先日のレッスンでは、小さいお子様がよく弾くウェーバー作曲の「人魚の歌」という曲を練習してきました。新しい曲なので、まずは1回通して弾いてもらいました。

「人魚の歌」は、8分の6拍子の曲です。

小さいお子様の場合、4分の4拍子や4分の3拍子のように、4分音符を1拍と数える曲はたくさん弾いていても、8分音符を1拍と数える曲はまだ殆ど弾くことはありません。その練習をする課題としても、この曲はよく使われます。

小さいお子様にとっては「1拍伸ばすのは4分音符」と覚えていますので、いきなり「この曲では1拍伸ばすのは8分音符です」と言われても、なかなか納得できないものです。

「1拍伸ばすのは4分音符で、半拍伸ばすのは8分音符。でも、この曲では半拍伸ばす8分音符が1拍伸ばす音符になるから・・・
と言うことは、4分音符は? 付点4分音符は??」

と頭の中が混乱してしまう生徒さんもいます。

でも、この生徒さんは拍子を正しく捉えてすらすらと上手に弾いていました。

1回でなんなく弾いていましたので、その先の新たなテーマをレッスンすることにしました。というのも、とてもすらすらと弾いているのですが、曲の始めから終わりまでずっと同じ強さで、抑揚のない一本調子な演奏だったからです。

「○○ちゃん、ピアノだけでなく音楽には、この曲のように半ページの曲もあれば、この楽譜1冊と同じくらいの長さで1曲というくらい長い曲もあるのね。

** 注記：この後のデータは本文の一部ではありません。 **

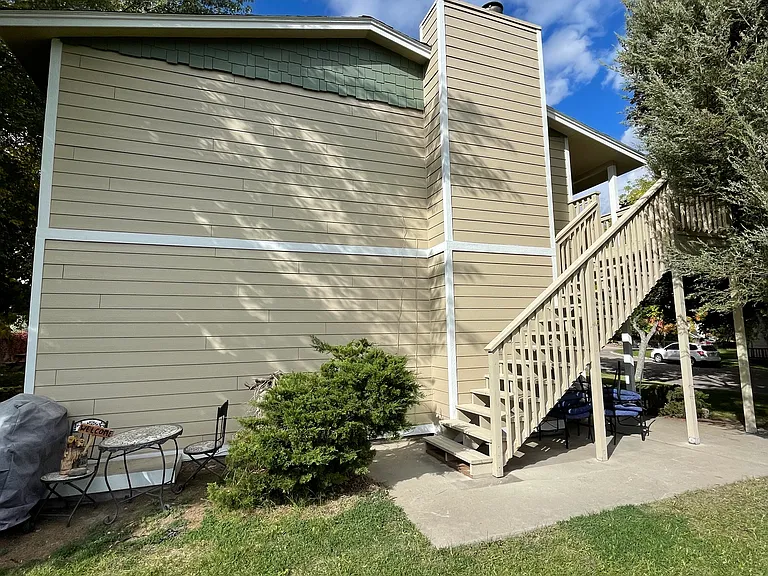 167 Indian Trail Rd — Photo 3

でも、どんな曲にも、必ず「ここが一番大切!」というところがあるのね。

そういうのを「曲の山」とか「サビ」とか「曲の中心」と言うんだけどね。

ではここでクイズね。この曲の山はどこかしら?」

これまで、うんうんと頷いて聞いていましたが、ちょっと困った顔をしていました。

「曲の山をどうやって見つけるか?というとね、頭の中でこの曲を歌うでしょ。

そうするとね、一番気持ちがわあ~と盛り上がるところよ」

「うーーん・・ここ?」

「○○ちゃん、本当の山に登ったことある?

山に登っているとね、「次の一歩から山の頂上ですよ。」とはならないじゃない?

ずっと登っていて、ふと気がつくと山の頂上が見えて「あっ、山の頂上にすごく近いんだ」ってなるのよね。

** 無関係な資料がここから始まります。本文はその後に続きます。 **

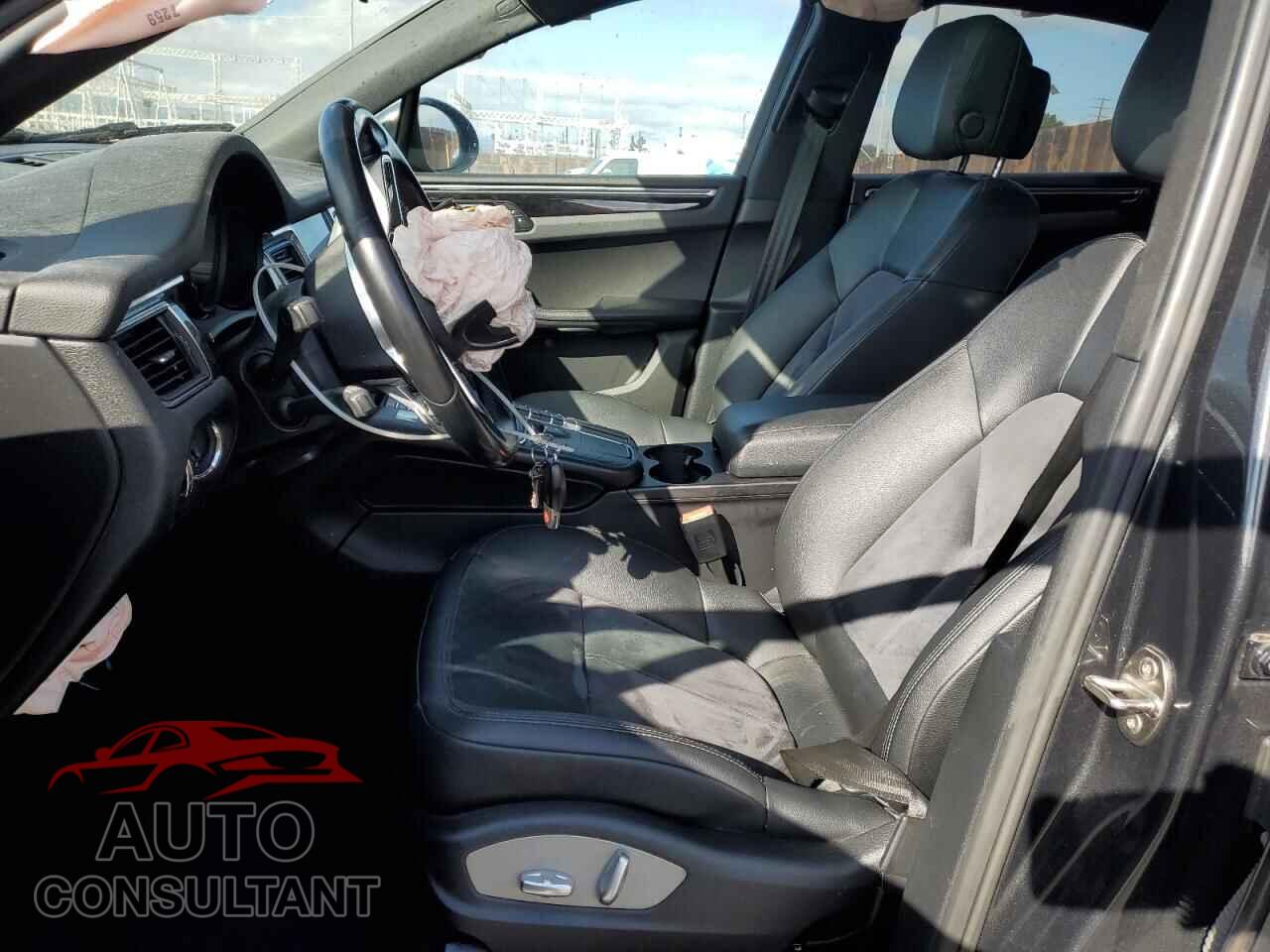 PORSCHE MACAN 2017 - WP1AA2A52HLB04392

それと一緒だから、「この辺が曲の山」という答え方でいいのよ」

そうしますと、見事に曲の山を答えられました。

「じゃあ、今、答えた通りに弾いてみて。聴いている人に分かるように弾いてね」

この生徒さんは、曲の山を意識して弾いただけで、自然に抑揚がつき、ロマンティックな演奏にガラッと変わりました。

弾いている姿勢や雰囲気もまるで別人の様です。

後ろで聴いているお母様も笑みを浮かべながら、楽しそうに聴いていました。

「○○ちゃん、すっごくステキだったわよ。同じ人が弾いていたとは思えないくらい良かったわ。」

お母様の前で褒められて、とても嬉しそうに得意げな笑顔をしていました。

ピアノを弾く時には、フォルテやピアノなど強弱記号をつけて弾きますが、「フォルテと書いてあるから強く」「ピアノと書かれているから弱く」だけでは、本当の曲想をつけた演奏にはならないと思います。

「強く」といっても、エネルギッシュな強さ、怒りに満ちた悪の強さ、怒りに悲しみの混ざった強さなど、色々な強さがあるからです。

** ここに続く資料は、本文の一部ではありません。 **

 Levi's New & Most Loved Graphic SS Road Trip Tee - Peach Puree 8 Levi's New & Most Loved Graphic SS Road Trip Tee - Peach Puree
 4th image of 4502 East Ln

また、強弱記号は限られた数しかありませんから、曲の中で何回も同じ記号が登場することになります。

それがすべて同じ強さになってしまいますと、抑揚はついても曲の大切な部分がわからなくなり、まとまりのない演奏になってしまいます。

曲の山を考えることで、今のご自身の演奏がまた少し変わるかもしれません。参考にしてみてくださいね。